Alright I must be doing something wrong. I went to a dog show this past weekend and bought the isle of dogs products for Sophia. By the way thanks all of you for contributing to this site and all of the great info your are sharing with us. "HUGS" Well I have been misting and line brushing but it makes her hair curly and then when it air dries she looks messy to me. She seems to tangle quicker than when I hand dry her with the dryer. PLease what am I doing wrong? I have to brush her too much now that I have been misting. I tried usung less mist but it feels like I'm brushing dry hair and I'm afraid I might be doing damage by doing that. I am using a pin brush. Also another problem, I am known for a wonderful fluff dry but I am a pet groomer and usually use a slicker for those but when tring to use the pin bush on this show coat it just doesnt do the job. The ends get straight but the hair at the skin just doesn't get all that straight. I am also not using the higher heat settings like I would with pet hair. Which I know does the job. GRRR I have tried flipping my wrist up and pulling the hair taught from the roots to end but it seems to time consuming on th cool setting with all this hair. I know I must be missing something here. I am at a loss. I want to learn to maintain this coat. It's falmost 4 inches now if I can;t get a grip on this now I will be in trouble. I can't stand even tangles. I love to cuddle with my babe and like her to be tangle free But I also don't want her to have lay there for grooming for so long. Sorry this so long.... I really value your input..
Thanks,
Shelly


----------



## 4theLOVEofPOODLES (May 13, 2010)

Hi there,

Sorry no one has responded yet so I will try to help. Okay so if I understand correctly you are trying to grow/maintain a show coat? Your drying method is extremely important. Most people use a high powered force dryer to blast most the water off and then finish with a stand dryer. However, if your dryer is strong enough (mine has 2 4.0 hsp motors) you can dry your dog completely with that as well. Stand dryers are preffered as you can brush and dry and typically get the most straight coat. Edemco makes a great stand dryer. You must NOT move onto another section until where you are drying is completely dry! Heat does damage hair...the less heat the better. Ater drying your dog then needs to be combed from the roots out all over. Any pin mat left will cause matting. Then they need to be banded/wrapped. You mentioned too time consuming with the drying...yep, that is exactly what it is. Very time consuming. You can turn up the heat to a warm setting and yes of course it will dry faster just don't let it get hot. Heat will always dry and damage.
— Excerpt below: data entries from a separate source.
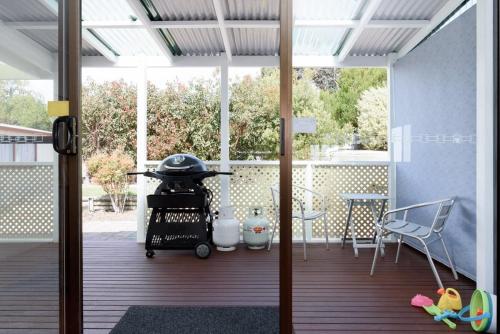 Ocean View Retreat at Greens Beach in Greens Beach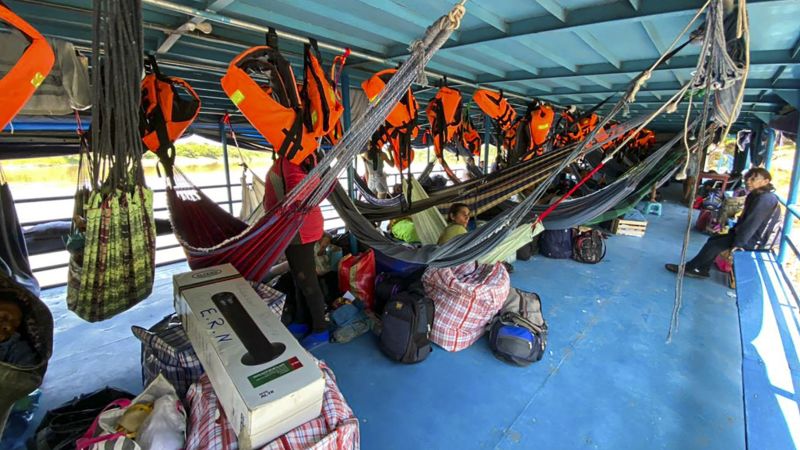 Protest v Peru proti úniku ropy: Turisté zadržovaní jako rukojmí domorodé skupiny propuštěni, říká úředník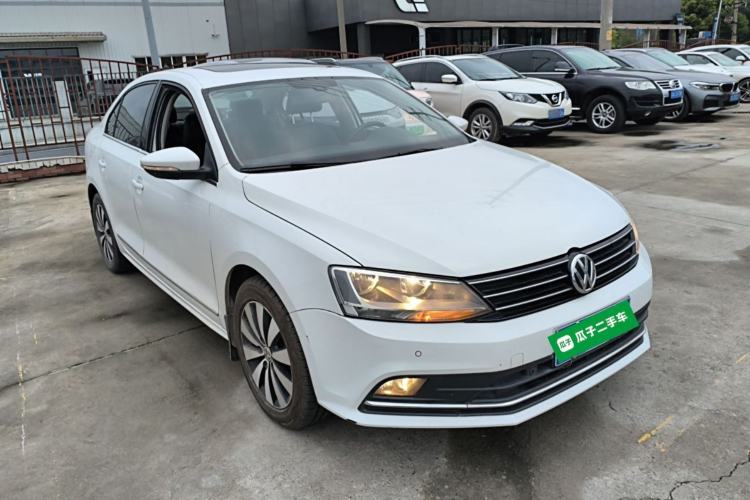 Used Volkswagen Sagitar 2015 230TSI Automatic Luxury Model Front Right 45 Deg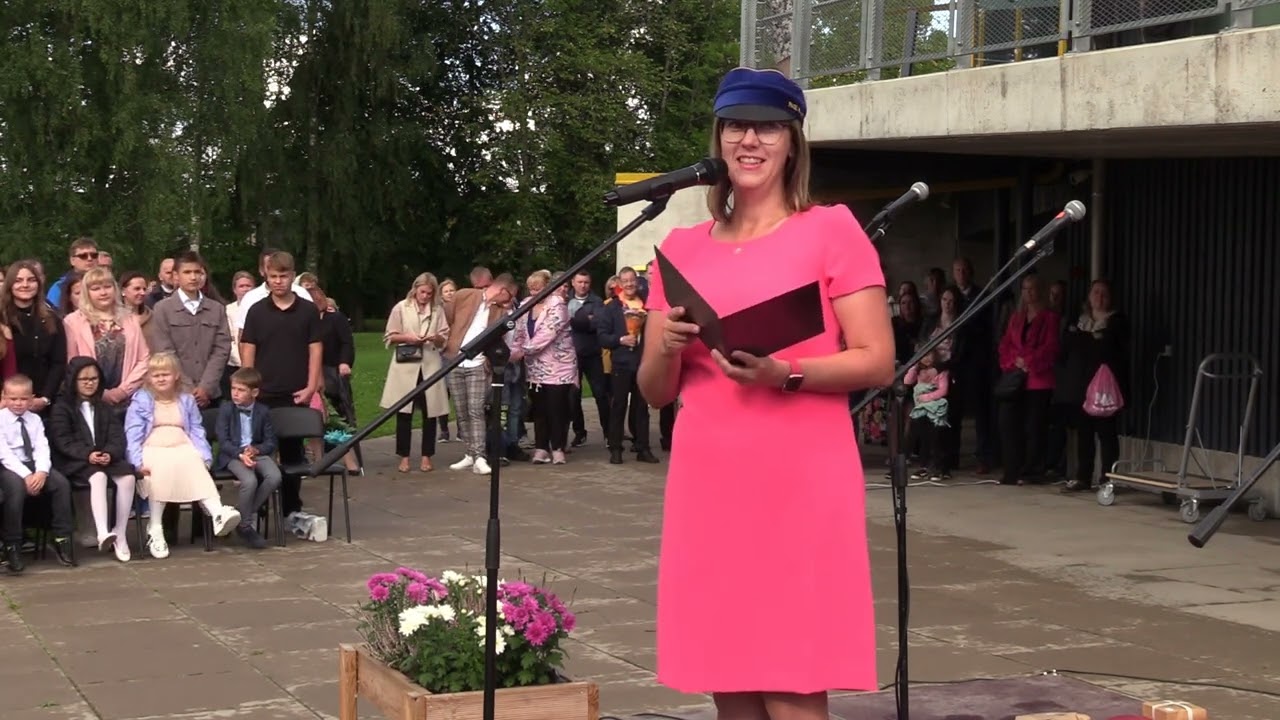 Paide Hillar Hanssoo Põhikooli õppeaasta avaaktus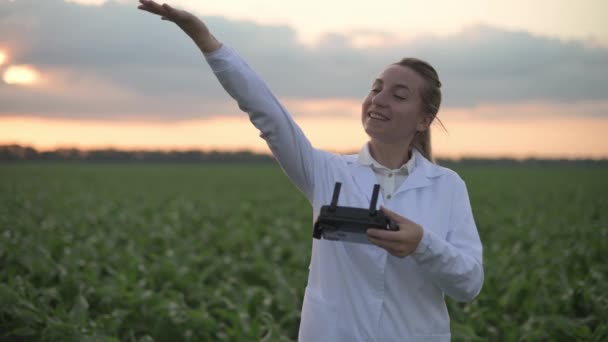 Vrouw agronomist maakt gebruik van drone. — Stockvideo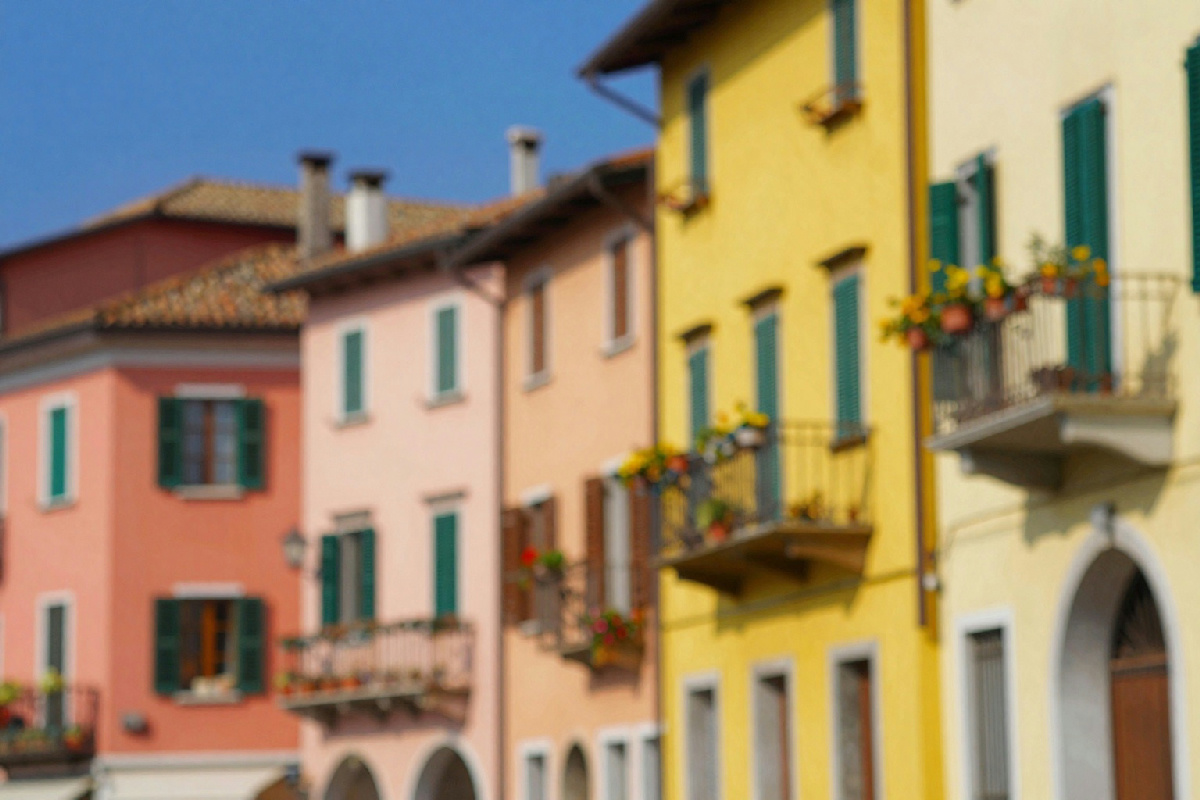 Un viaggio tra colori, fascino e storia: il borgo più economico da prenotare per Pasqua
Anyhow, for mid-week brushing in between baths yes, you want to line brush and you should be using either a VERY light mist of water or something else when you brush. I like using water but you can use a number of products. Two I really like are OMG by plush puppy(highly diluted 20:1 or less) or Show Sheen (horse product) but water works just fine. Make sure you are using a high quality spray bottle that gives you a nice even light mist. Sounds like you are spraying too much or too close. Try holding the spray bottle farther away. I would even say that when I spray it more towards the center/ends. It will feel somewhat dry. All you are doing is adding the slightest amount of moisture to the coat so that it is does not snap while brushing. Use your pin brush-then your comb.
Do NOT flip your wrist! This will break the ends of the coat! Especially on the "Holy Grail" (the precious neck hair)of the poodle! Train yourself to keep your hand flat as you comb/brush. Slickers are not a good idea imo for you to use until you get the hang of what you are doing. I do not think slickers should be used on the neck hair or anywhere you need the hair long. Some say slickers can be but they can be very damaging and you must make sure you are using a good quality "soft" slicker. Some I like are the DoggyMan (white) by Millers Forge, All Systems has a decent one, and CC makes an okay one but expensive. I happen to have one I can carefully use a slicker on and the other can't as her hair is very delicate. Every dog is different and you need to do what works for YOUR dog. Use a good pin brush. Madan (soft, green/orange), CC, All Systems etc make great pin brushes. You have to think though...any time a comb/brush goes through that coat...it is going to wear down the hair shafts causing breakage. Best bets....bathe once a week and use good products (IOD's Stand up with 51 conditioner is amazing), comb/line brush BEFORE your dog mats (only you will know how long this takes to happen), keep your dog properly banded and wrapped, and do not go using a ton of different finishing products in the hair...if you do you will run the risk of clogging pores and creating a cement in the hair (from combined products) which will cause breakage.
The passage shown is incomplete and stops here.